11. The method of claim 6, wherein the second engine scores the word lattice representation.

12. The method of claim 11 wherein the scoring of the word lattice representation is based on acoustic and language models stored in the second engine.

13. An apparatus comprising:

a communication interface;

a receiver;

a transmitter;

a storage medium; and

a processor coupled to the storage medium and programmed with computer-executable instructions to perform the steps comprising:

receiving a speech signal for use in an automatic speech recognition service during an ASR session;

storing the speech signal;

generating a word lattice representation;

storing the generated word lattice representation;

receiving a signal to transfer the ASR session; and

transmitting the generated state matrix information to continue the ASR session.
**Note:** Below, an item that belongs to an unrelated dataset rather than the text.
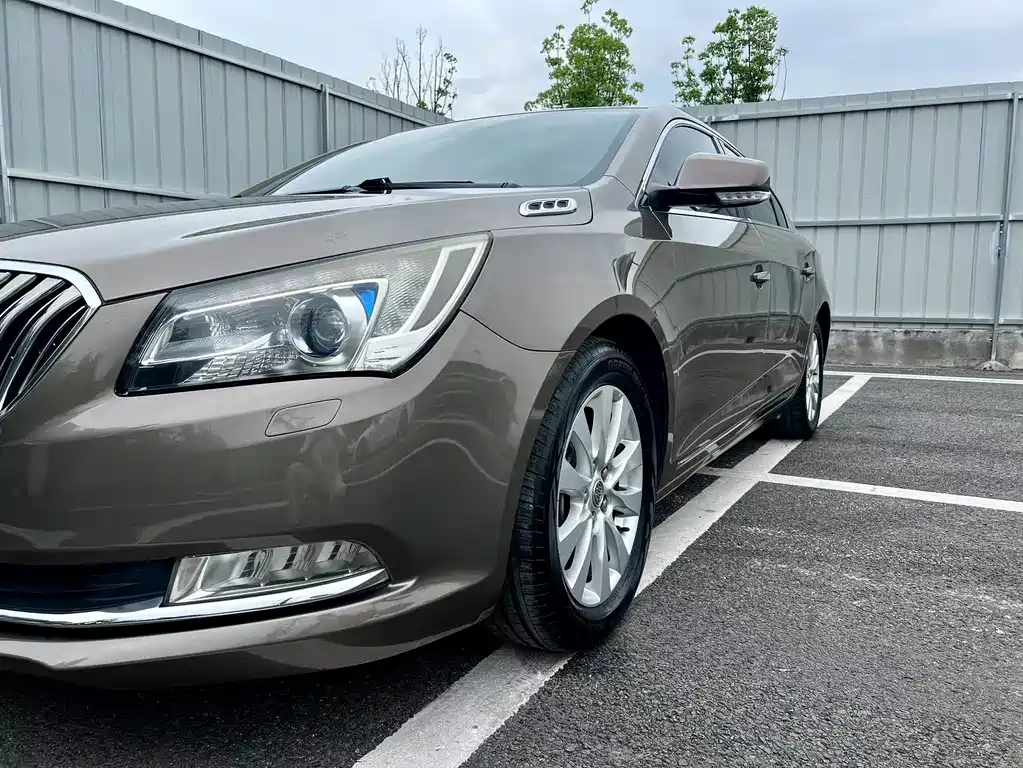 Buick LaCrosse — миниатюра 7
14. The apparatus of claim 13, further comprising transmitting timing information along with the generated state matrix information.
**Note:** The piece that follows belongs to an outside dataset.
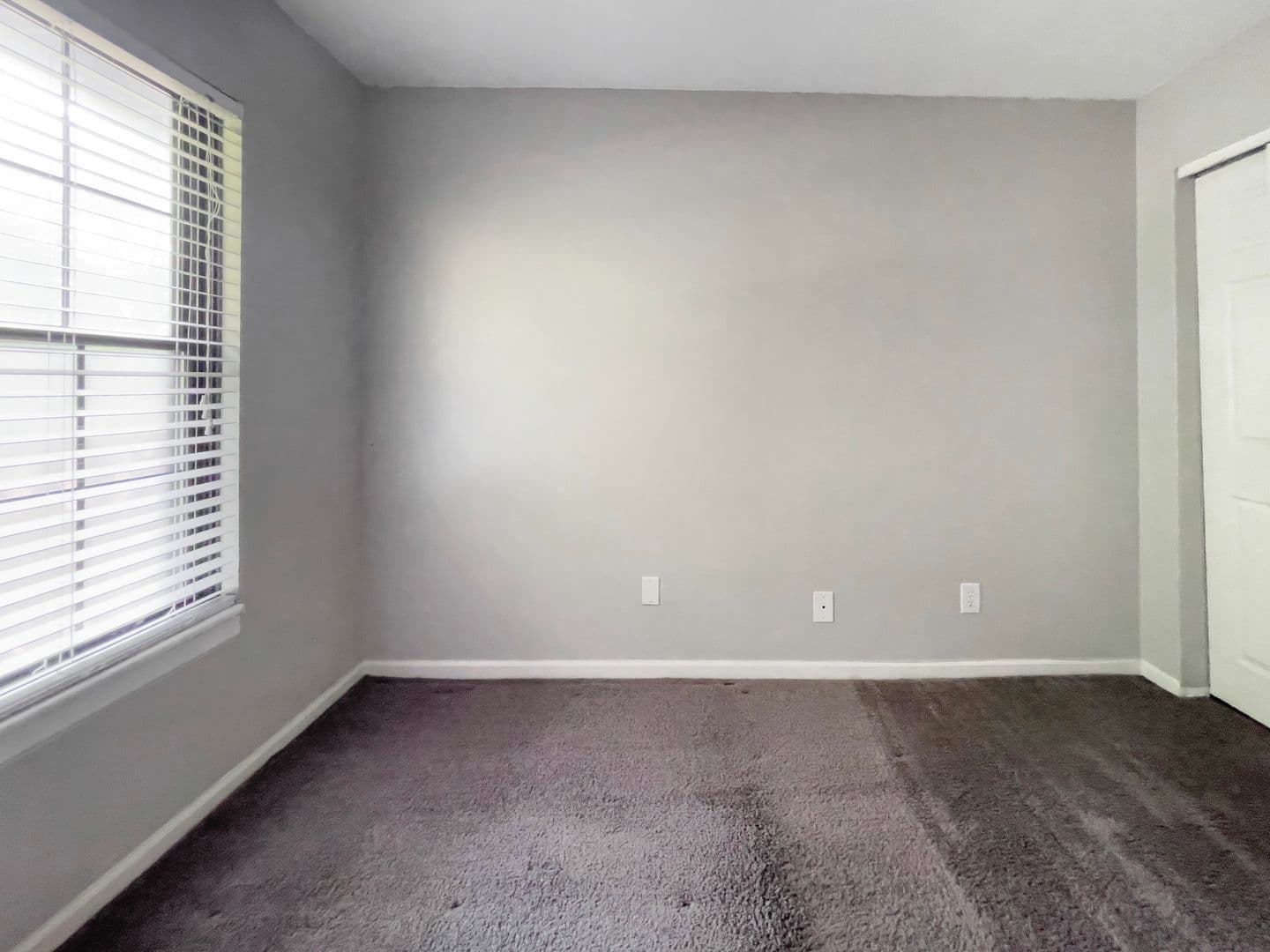 Muncie Apartment: 1001 W Wayne Street #208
15. The apparatus of claim 13, further comprising transmitting acoustic and language model scores along with the generated state matrix information.

16. The apparatus of claim 13, further including transmitting the stored speech signal along with the generated state matrix information.
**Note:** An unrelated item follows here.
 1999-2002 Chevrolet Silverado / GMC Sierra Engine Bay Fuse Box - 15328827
17. An apparatus comprising:

a communication interface;

a receiver;

a transmitter;

a storage medium; and

receiving state matrix information from an ASR session;

receiving word lattice information from the ASR engine;

storing the received state matrix information and the word lattice information;

scoring the word lattice information using acoustic and language models;

receiving a speech signal; and

continuing the ASR session based on the received speech signal.

18. The apparatus of claim 17, further comprising receiving timing information along with the state matrix information.

19. The apparatus of claim 17, further comprising receiving acoustic and language model scores along with the state matrix information.

20. The apparatus of claim 17, further including receiving a signal corresponding to the state matrix information along with the state matrix information.

21. The apparatus of claim 17, wherein the apparatus comprises a mobile computing device.

22. The apparatus of claim 21, wherein the mobile computing device comprises a mobile telephone.

23. The apparatus of claim 17, wherein the lattice information includes speaker identity and language identity.

24. The apparatus of claim 21, further including receiving a speech signal along with the state matrix information.

25. A system for automatic speech recognition, the system comprising:

a first ASR engine for use during an ASR session; and

a second ASR engine, the second ASR engine continuing from the point where the first ASR engine transferred the ASR session.

26. The system of claim 25 wherein the first ASR session establishes a connection with the second ASR engine with a signaling protocol.

27. The system of claim 25 wherein the first ASR engine transmits state matrix information to the second ASR engine.

28. The system of claim 27, wherein the first ASR engine transmits timing information along with the state matrix information to the second ASR engine.

29. The system of claim 27, wherein the first ASR engine transmits a speech signal along with the state matrix information to the second ASR engine.

30. The system of claim 27, wherein the second ASR engine scores a word lattice received from the first ASR engine.